比較使用TSQL那些方法效能可最接近CLR
撰寫TSQL達到string splitting並不難,以前我使用CTE來處理但不太關心效能,但如你是效能至上的話,透過SQL CLR在任何案例中,效能都有不錯表現,
這篇我要測試使用TSQL還有那些方法可以達到string splitting且效能接近CLR。
CTE
CREATE FUNCTION dbo.StrSplit_CTE
(
@inputcontent nvarchar(MAX),
@Delimiter nvarchar(255)
)
RETURNS @Items TABLE (Item NVARCHAR(4000))
WITH SCHEMABINDING
AS
BEGIN
DECLARE @ll INT = LEN(@inputcontent) + 1, @ld INT = LEN(@Delimiter);
WITH a AS
(
SELECT
[start] = 1,
[end] = COALESCE(NULLIF(CHARINDEX(@Delimiter,
@inputcontent, 1), 0), @ll),
[value] = SUBSTRING(@inputcontent, 1,
COALESCE(NULLIF(CHARINDEX(@Delimiter,
@inputcontent, 1), 0), @ll) - 1)
UNION ALL
SELECT
[start] = CONVERT(INT, [end]) + @ld,
[end] = COALESCE(NULLIF(CHARINDEX(@Delimiter,
@inputcontent, [end] + @ld), 0), @ll),
[value] = SUBSTRING(@inputcontent, [end] + @ld,
COALESCE(NULLIF(CHARINDEX(@Delimiter,
@inputcontent, [end] + @ld), 0), @ll)-[end]-@ld)
FROM a
WHERE [end] < @ll
)
INSERT @Items SELECT [value]
FROM a
WHERE LEN([value]) > 0
OPTION (MAXRECURSION 0);
RETURN;
END
GO
透過遞迴CTE取得每個部份字串,但要注意MVTF無法使用統計值(因為需要本地變數資料表),而且要設定最大遞迴數0,以免預設100不夠用而出現錯誤。
Test
declare @inputcontent nvarchar(max)=N'Patriots,Red Sox,Bruins,abcd,rico,sa,ricoisme,bar,mort,splunge,bacon'
select * from dbo.StrSplit_CTE(@inputcontent,',')

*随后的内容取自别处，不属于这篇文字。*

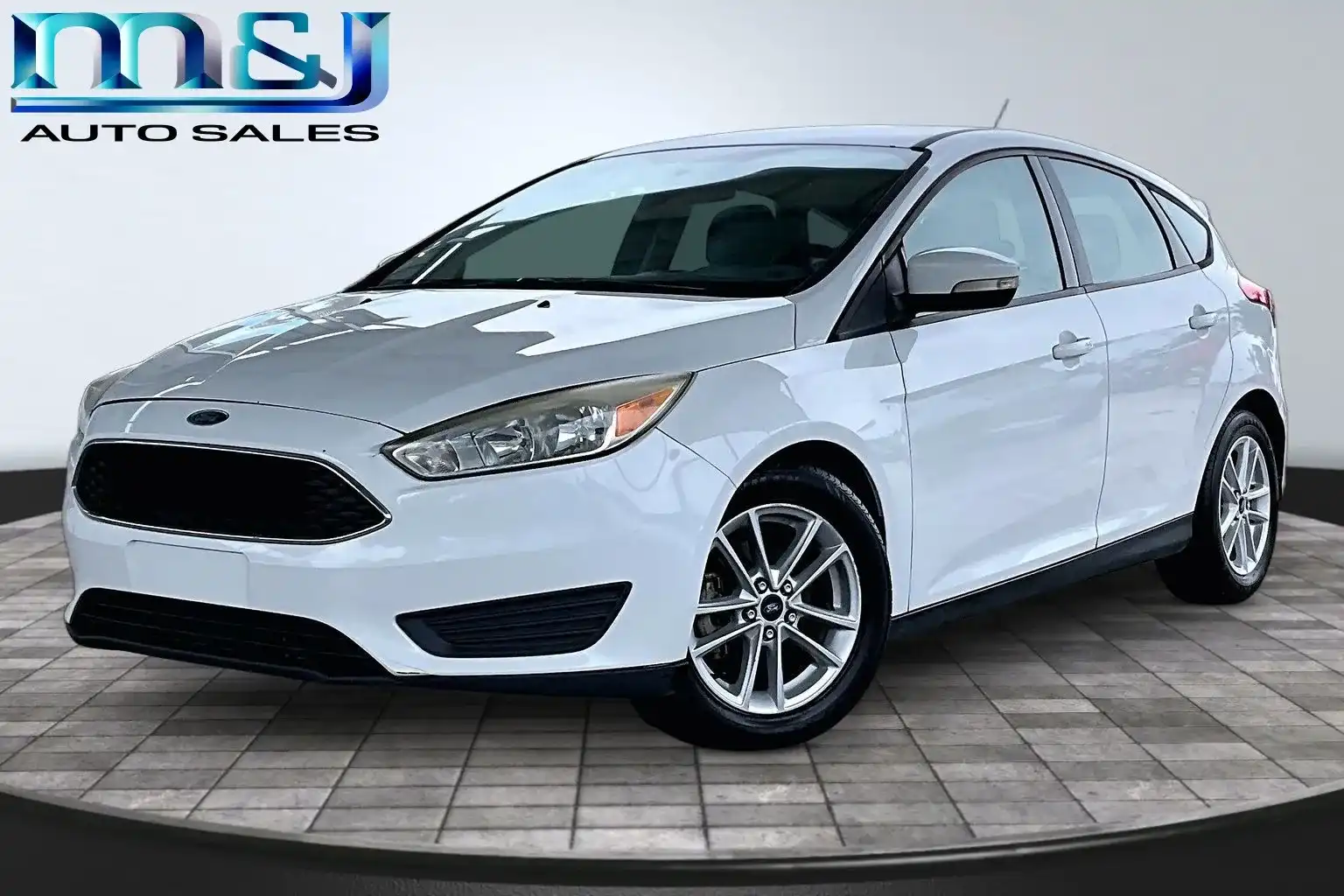 2017 Ford Focus 5 Door Hatch SE's photo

select * from dbo.StrSplit_CTE(REPLICATE(@inputcontent,1000),',')
XML
create FUNCTION dbo.StrSplit_XML
(
@inputcontent nvarchar(MAX),
@Delimiter nvarchar(255)
)
RETURNS TABLE
WITH SCHEMABINDING
AS
RETURN
(
SELECT Item = y.i.value('(./text())[1]', 'nvarchar(4000)')
FROM
(
SELECT x = CONVERT(XML, '<i>'
+ REPLACE(@inputcontent, @Delimiter, '</i><i>')
+ '</i>').query('.')
) AS a CROSS APPLY x.nodes('i') AS y(i)
);
GO
如果可以確保輸入的XML資料正確的話,那麼這方法我還滿推薦的,且並不像CTE屬於MTVF(all inline)
TEST
declare @inputcontent nvarchar(max)=N'Patriots,Red Sox,Bruins,abcd,rico,sa,ricoisme,bar,mort,splunge,bacon'
select * from dbo.StrSplit_XML(@inputcontent,',')

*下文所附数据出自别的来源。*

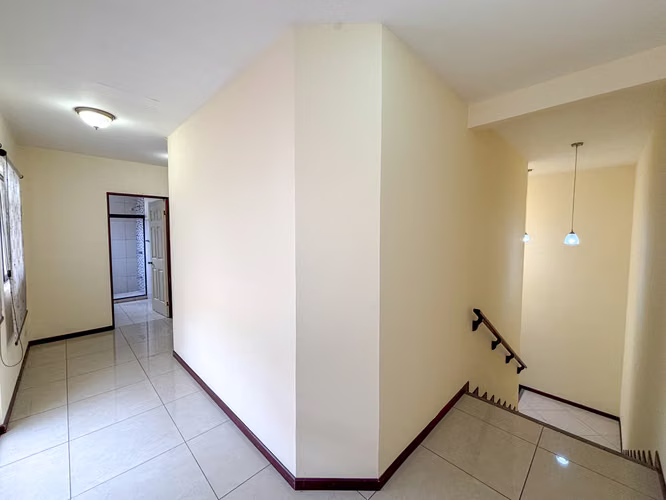 Casa en alquiler con 2 parqueos techados y entrada independiente - Imagen 3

select * from dbo.StrSplit_XML(REPLICATE(@inputcontent,1000),',')
Numbers table
DECLARE @UpperLimit INT = 100000;
WITH n AS
(
SELECT
x = ROW_NUMBER() OVER (ORDER BY (select null))

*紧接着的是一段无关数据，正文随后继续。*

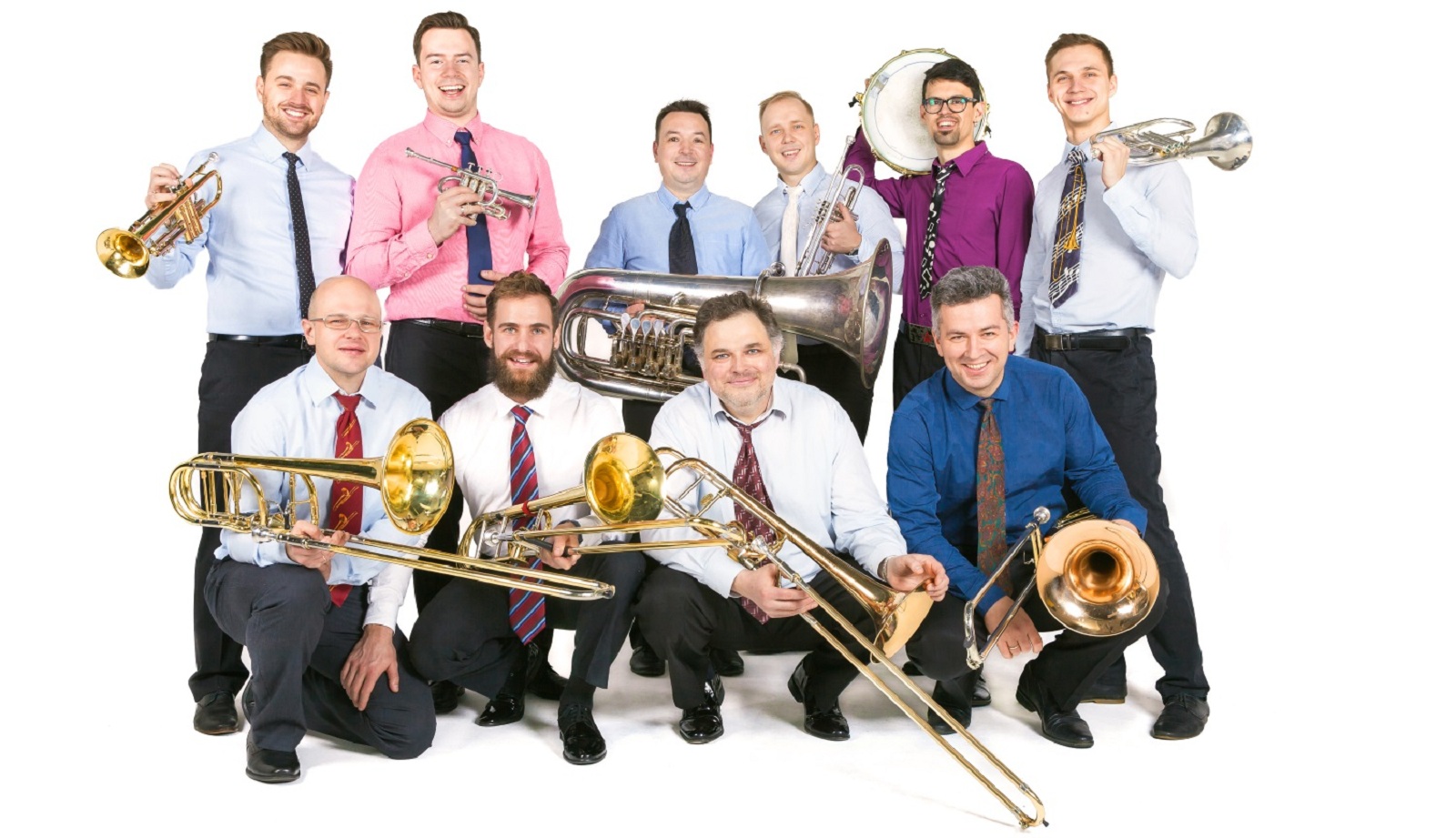 Джазовые ансамбли брасс квинтет. Духовой ансамбль. Музыкальный брасс ансамбль. Петербург брасс ансамбль. Кларнетист берлинской филармонии.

FROM sys.all_objects AS s1
CROSS JOIN sys.all_objects AS s2
CROSS JOIN sys.all_objects AS s3
)
SELECT Number = x
INTO dbo.testNumbers
FROM n
WHERE x BETWEEN 1 AND @UpperLimit;
CREATE UNIQUE CLUSTERED INDEX n ON dbo.testNumbers(Number)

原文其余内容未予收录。